Το work with title Evaluation of EEG power spectrum measures using Fourier and wavelet based transformation techniques as a function of task complexity by Zervakis Michalis, Sakkalis, Vangelis, Μιχελογιάννης Σήφης is licensed under Creative Commons Attribution 4.0 International
Bibliographic Citation
V .Sakkalis, M. Zervakis and S. Micheloyannis, "Evaluation of EEG power spectrum measures using Fourier and wavelet based transformation techniques as a function of task complexity," presented at 1st European Workshop on the Assessment of Diagnostic Performance, Milan, Italy, 2004.

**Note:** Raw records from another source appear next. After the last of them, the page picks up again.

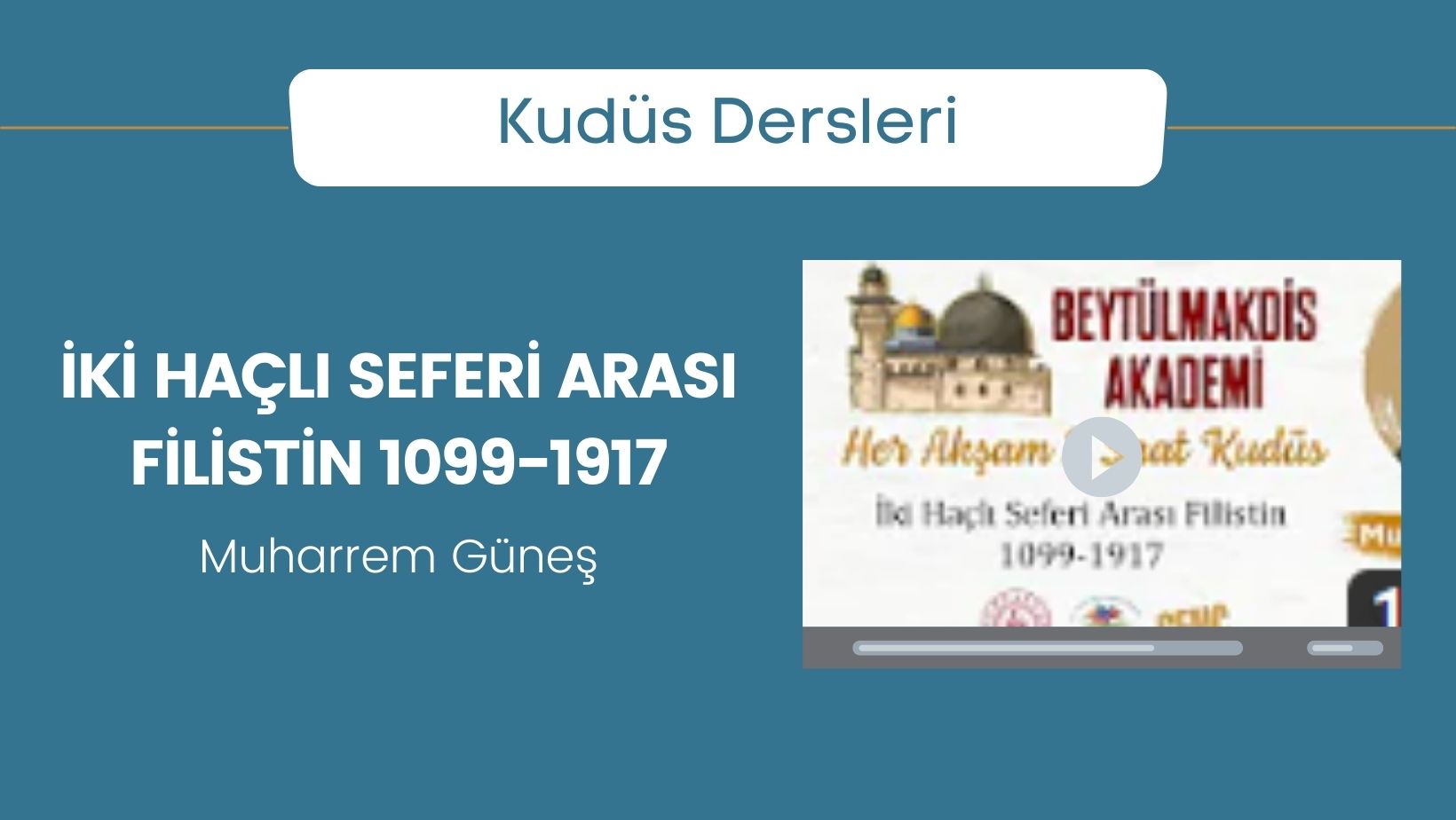 İki Haçlı Seferi Arası Filistin 1099-1917 – Muharrem Güneş | Beytülmakdis Akademi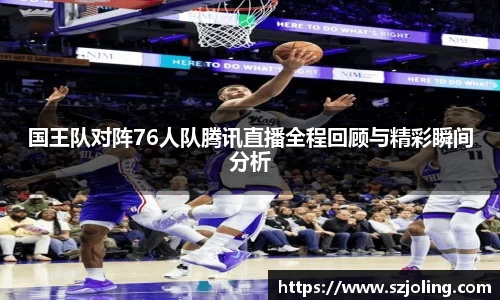 竞技宝国王队对阵76人队腾讯直播全程回顾与精彩瞬间分析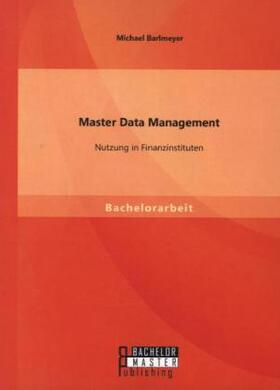 Barlmeyer |  Master Data Management: Nutzung in Finanzinstituten | Buch |  Sack Fachmedien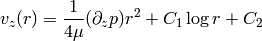 v_z(r) = {1\over 4\mu}(\partial_z p) r^2 + C_1\log r + C_2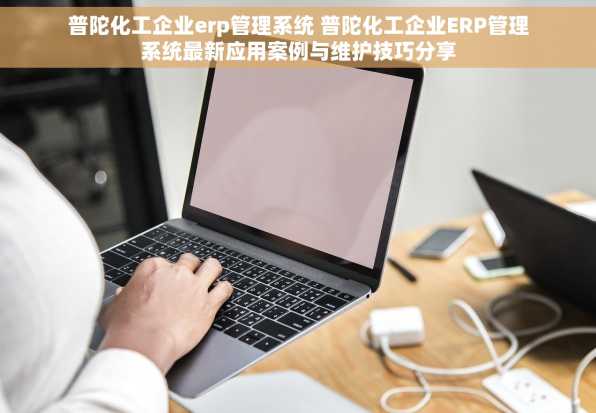 普陀化工企业erp管理系统 普陀化工企业ERP管理系统最新应用案例与维护技巧分享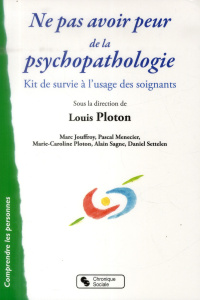 Ne pas avoir peur de la psychopathologie. Kit de survie à l'usage des soignants - Ploton Louis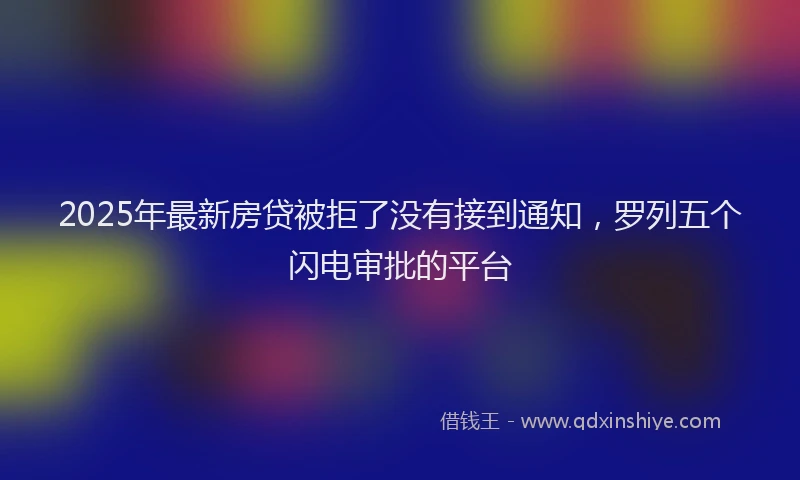 2025年最新房贷被拒了没有接到通知，罗列五个闪电审批的平台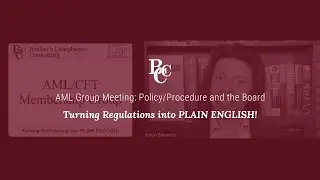 AML Group Meeting: Policy/Procedure and the Board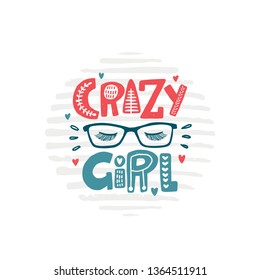 Crazy girl. Hand drawn lettering, quote sketch typography. Motivational handwritten phrase. Vector inscription slogan. Inspirational poster, t shirt design, print, placard, postcard, cartoon card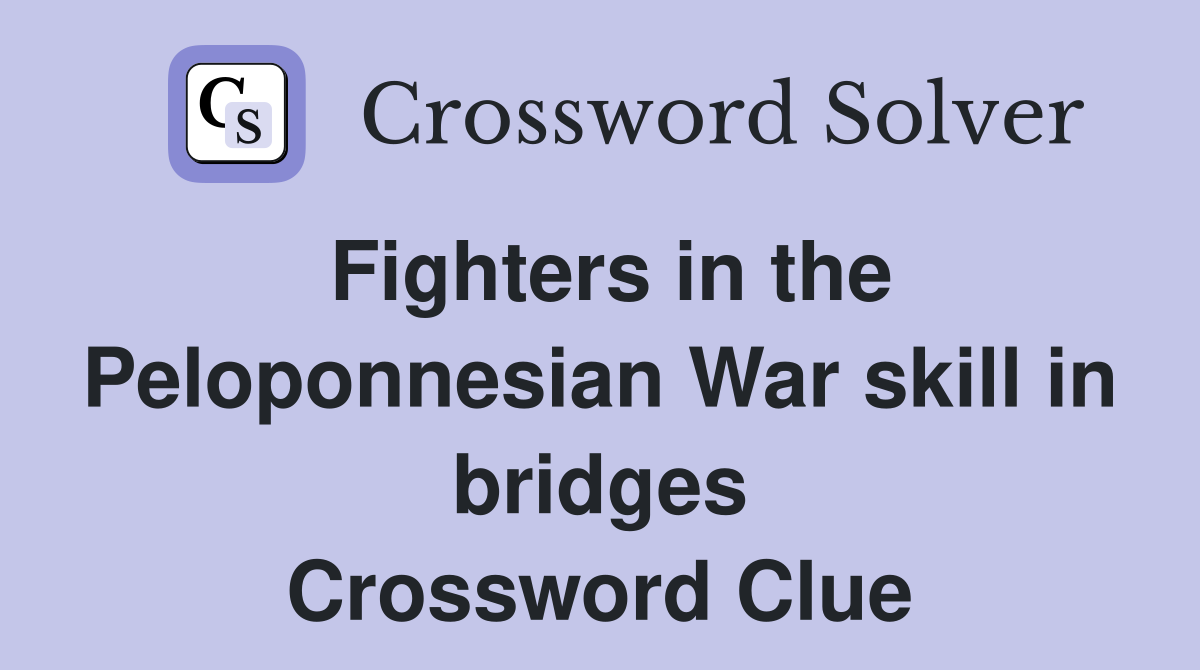Fighters in the Peloponnesian War skill in bridges Crossword Clue
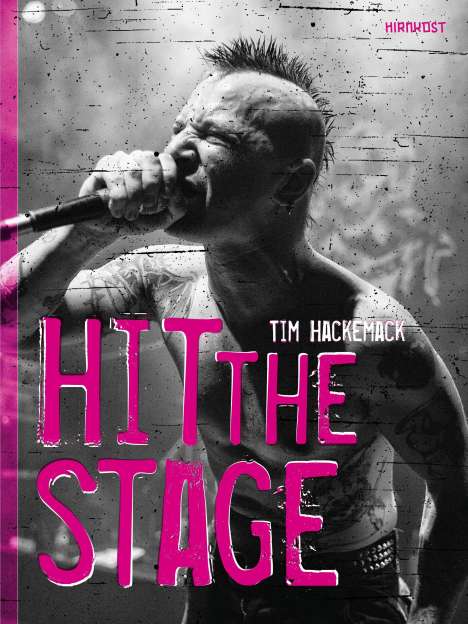 Tim Hackemack: Hit The Stage, Buch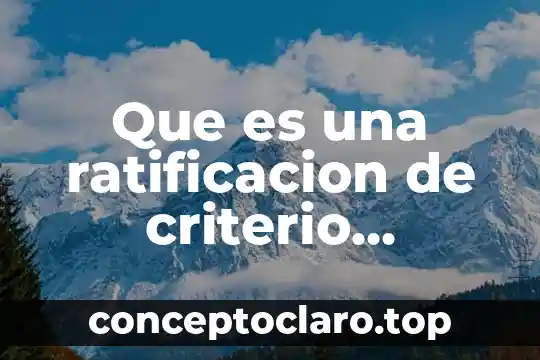 Que es una ratificacion de criterio concepto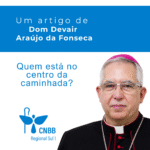 Artigo – Quem está no centro da caminhada? – Dom Devair Araújo da Fonseca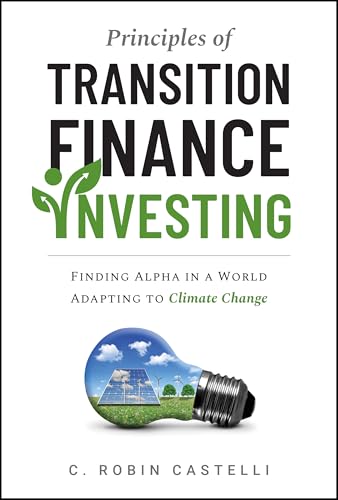Principles of Transition Finance Investing: Finding Alpha in a World Adapting to Climate Change (Hardcover)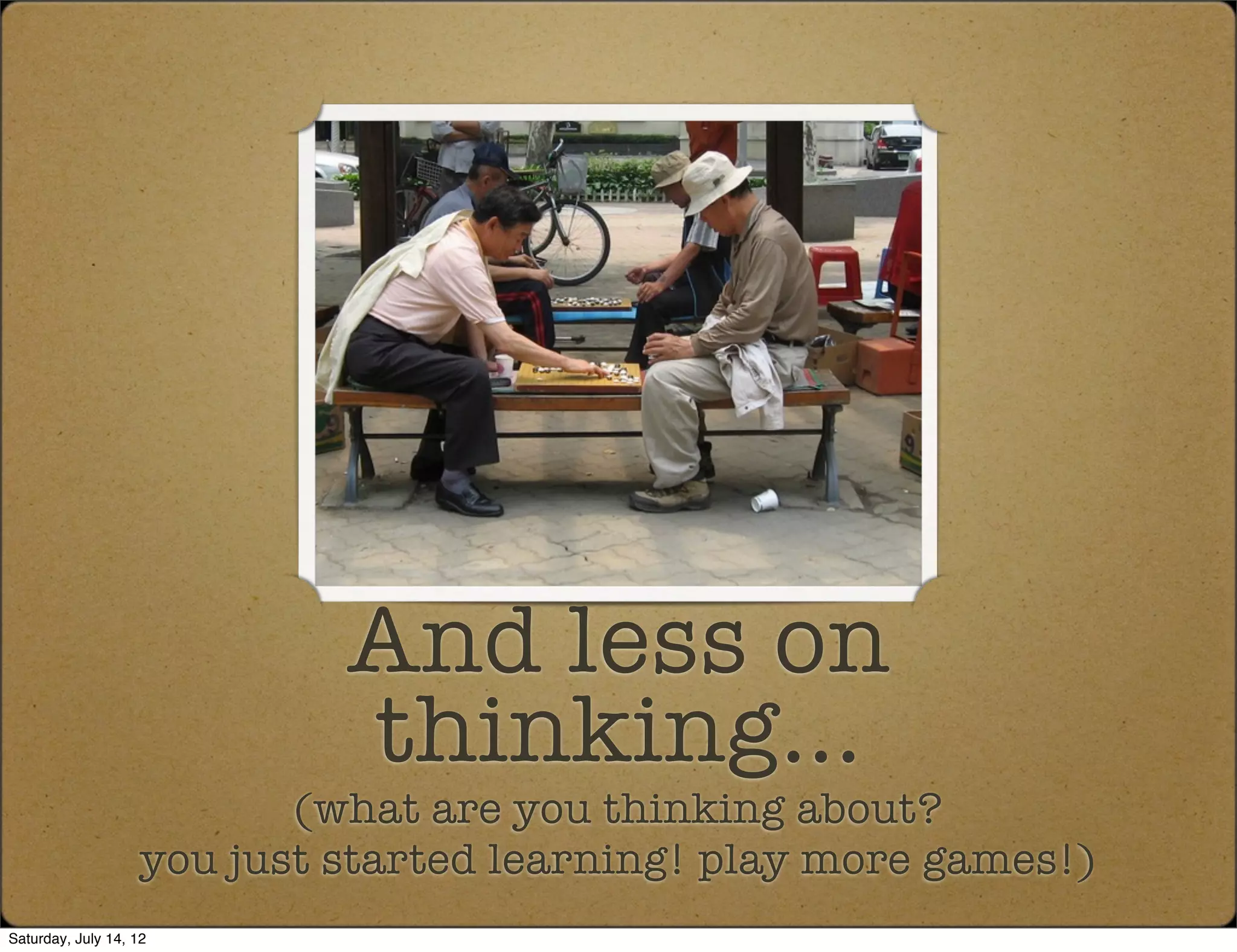 And less on
                             thinking...
                           (what are you thinking about?
                    you just started learning! play more games!)
Saturday, July 14, 12
 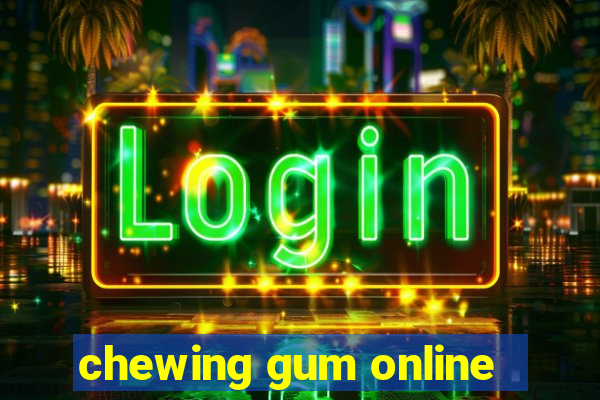 chewing gum online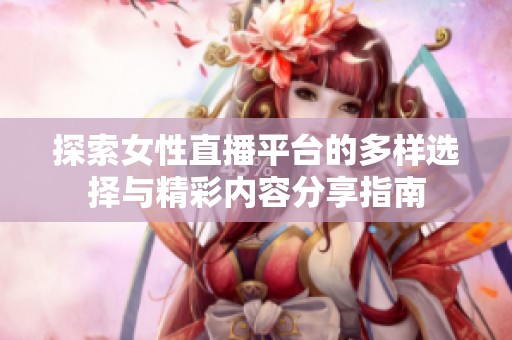 探索女性直播平台的多样选择与精彩内容分享指南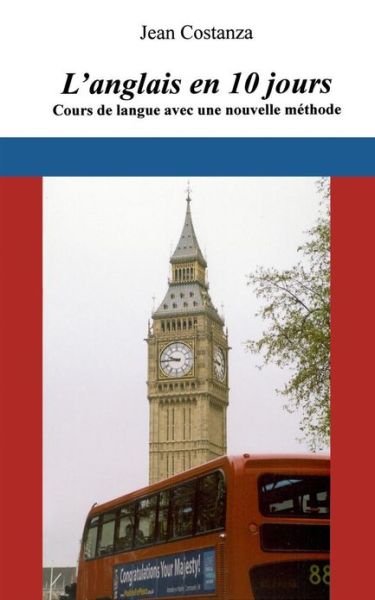 Cover for Jean Costanza · L'anglais en 10 Jours (Paperback Book) [French edition] (2013)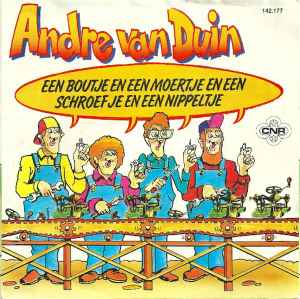 André van Duin - Een Boutje En Een Moertje En Een Schroefje En Een Nippeltje / Daar Ben Ik Niet Blij Mee!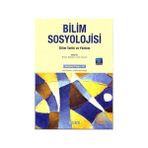 BILIMIN SINIRLARI VE BILIMSEL İHTILAFLAR BILIM SOSYOLOJISI TARTIŞMALARI - GENEL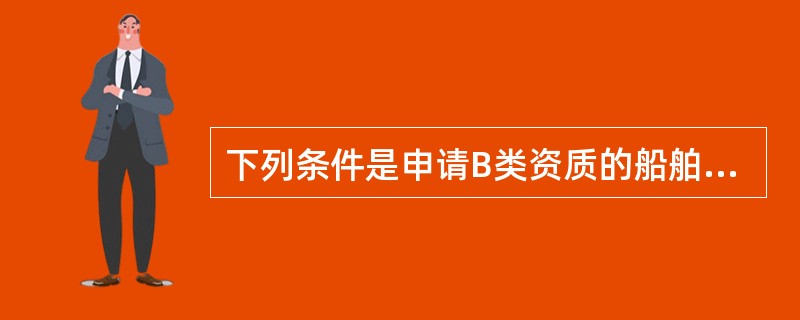 下列条件是申请B类资质的船舶检验机构必须满足的（）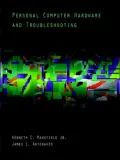 Personal Computer Hardware and Troubleshooting Reference Guide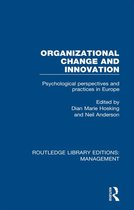 Routledge Library Editions: Management - Organizational Change and Innovation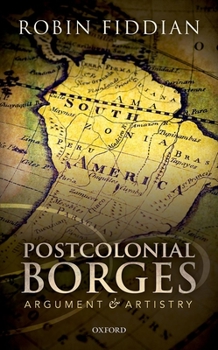 Hardcover Postcolonial Borges: Argument and Artistry Book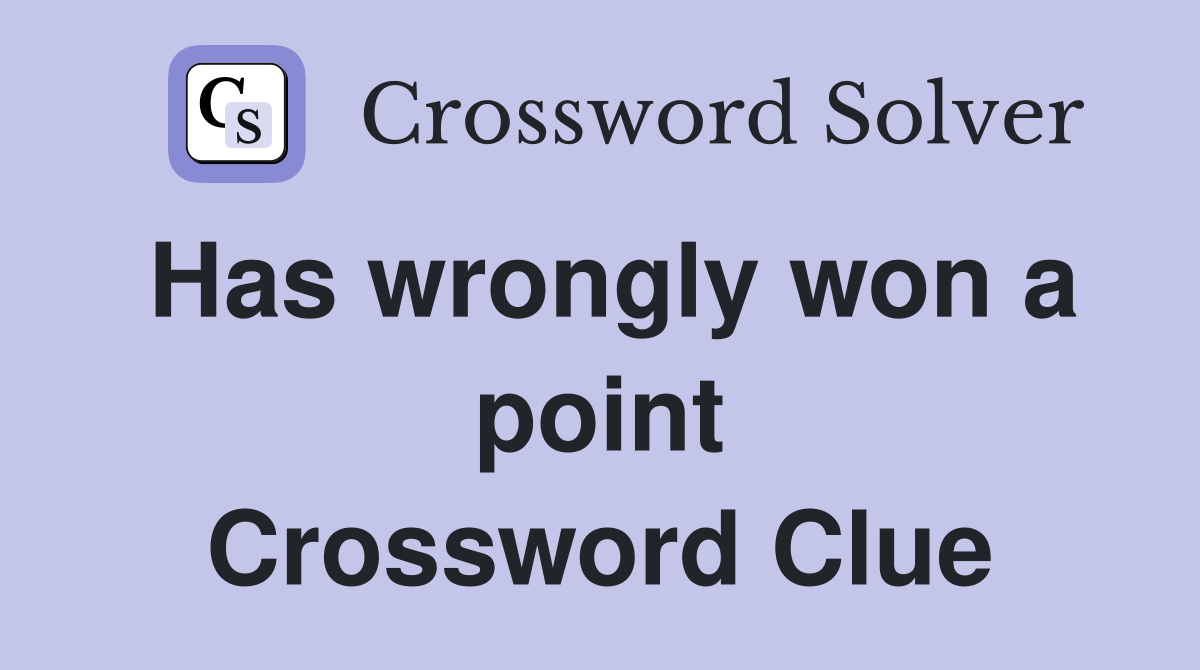 Has wrongly won a point Crossword Clue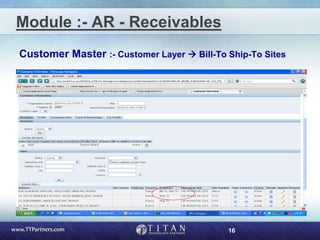 16
Module :- AR - Receivables
Customer Master :- Customer Layer  Bill-To Ship-To Sites
 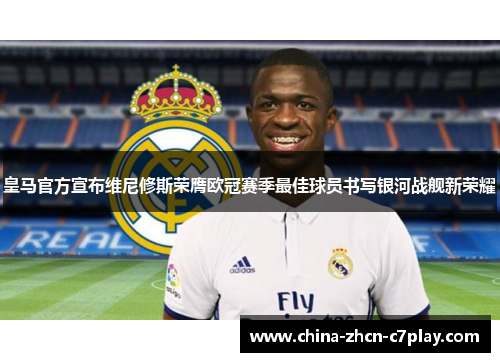 皇马官方宣布维尼修斯荣膺欧冠赛季最佳球员书写银河战舰新荣耀 皇马官方宣布维尼修斯荣膺欧冠赛季最佳球员书写银河战舰新荣耀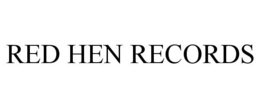 RED HEN RECORDS trademark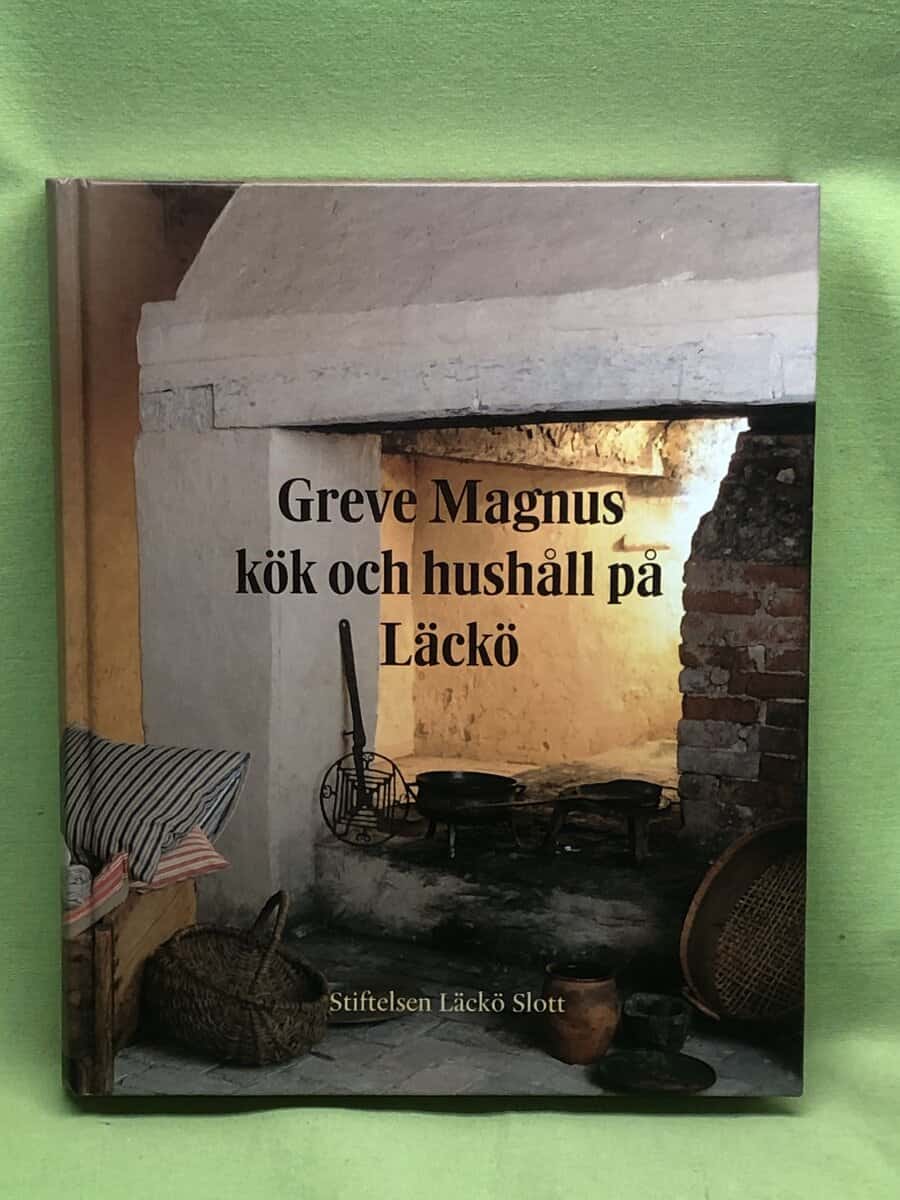 Chatarina Sjölin : Greve Magnus kök och hushåll på Läckö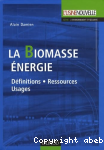 La biomasse énergie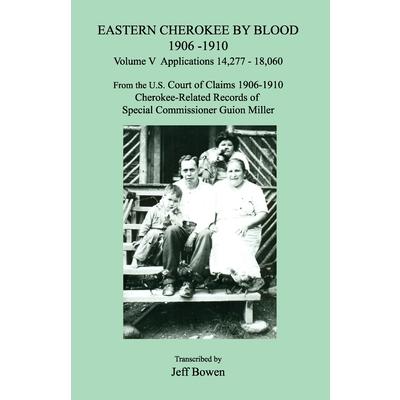 Eastern Cherokee by Blood 1906－1910， Volume V， Applications 14，277 － 18，060; From the U.S.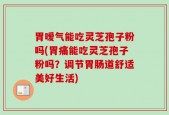 胃嗳气能吃灵芝孢子粉吗(胃痛能吃灵芝孢子粉吗？调节胃肠道舒适美好生活)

The purpose of this study is to provide a comparison between the widely applied Fourier Power Spectrum (FPS) measure and the Wavelet counterpart (WT) in applications related to continuous EEG/ MEG signal analysis tasks. Both power spectrum measures are used as EEG signal features capable of characterizing and differentiating four discrete tasks in terms of cognitive complexity. This study is not oriented towards the investigation of the brain areas involved in such cognition operations. The latter test is providing the dataset to perform the comparison between the different analysis methods. The different analysis methods were evaluated by testing the tasks for statistical significance using ANOVA on both the dependent Fourier Power Spectrum and Wavelet Power Spectrum (WPS) variable. The results of this study indicated that even if FPS already provides satisfactory results, it seems that Wavelet Averaged Global Power Spectrum is proved to be of particular interest since it provides greater resolution and specificity. WT is able to discriminate in greater detail the different tasks.